What you are asked to do ▸ Exactly reproduce the data from its first line through the line with "Moto provocó incendio", leaving out every line after it.
START Supplied material
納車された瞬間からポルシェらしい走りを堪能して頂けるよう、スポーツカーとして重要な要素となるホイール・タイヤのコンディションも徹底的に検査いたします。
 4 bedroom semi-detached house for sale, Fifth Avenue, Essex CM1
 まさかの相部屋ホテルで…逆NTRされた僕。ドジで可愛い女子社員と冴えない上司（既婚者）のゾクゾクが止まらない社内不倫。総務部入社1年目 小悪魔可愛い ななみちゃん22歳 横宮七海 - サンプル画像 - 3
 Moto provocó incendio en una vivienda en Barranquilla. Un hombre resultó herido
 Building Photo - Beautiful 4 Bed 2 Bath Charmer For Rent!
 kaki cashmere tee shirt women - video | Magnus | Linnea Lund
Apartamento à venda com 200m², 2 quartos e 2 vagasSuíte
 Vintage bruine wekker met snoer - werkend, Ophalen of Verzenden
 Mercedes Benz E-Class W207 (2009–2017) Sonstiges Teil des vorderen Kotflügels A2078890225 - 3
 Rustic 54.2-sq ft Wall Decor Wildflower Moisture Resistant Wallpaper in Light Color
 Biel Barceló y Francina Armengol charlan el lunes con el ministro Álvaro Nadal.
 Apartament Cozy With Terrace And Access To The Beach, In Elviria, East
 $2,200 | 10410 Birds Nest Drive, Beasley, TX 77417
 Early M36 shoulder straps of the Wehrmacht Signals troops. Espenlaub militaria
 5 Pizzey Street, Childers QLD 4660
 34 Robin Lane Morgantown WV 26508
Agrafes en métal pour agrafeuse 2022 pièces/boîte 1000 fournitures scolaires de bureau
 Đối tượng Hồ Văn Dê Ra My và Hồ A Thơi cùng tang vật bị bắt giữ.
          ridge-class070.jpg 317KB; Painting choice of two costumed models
END Supplied material
Solution to this task ▸
納車された瞬間からポルシェらしい走りを堪能して頂けるよう、スポーツカーとして重要な要素となるホイール・タイヤのコンディションも徹底的に検査いたします。
 4 bedroom semi-detached house for sale, Fifth Avenue, Essex CM1
 まさかの相部屋ホテルで…逆NTRされた僕。ドジで可愛い女子社員と冴えない上司（既婚者）のゾクゾクが止まらない社内不倫。総務部入社1年目 小悪魔可愛い ななみちゃん22歳 横宮七海 - サンプル画像 - 3
 Moto provocó incendio en una vivienda en Barranquilla. Un hombre resultó herido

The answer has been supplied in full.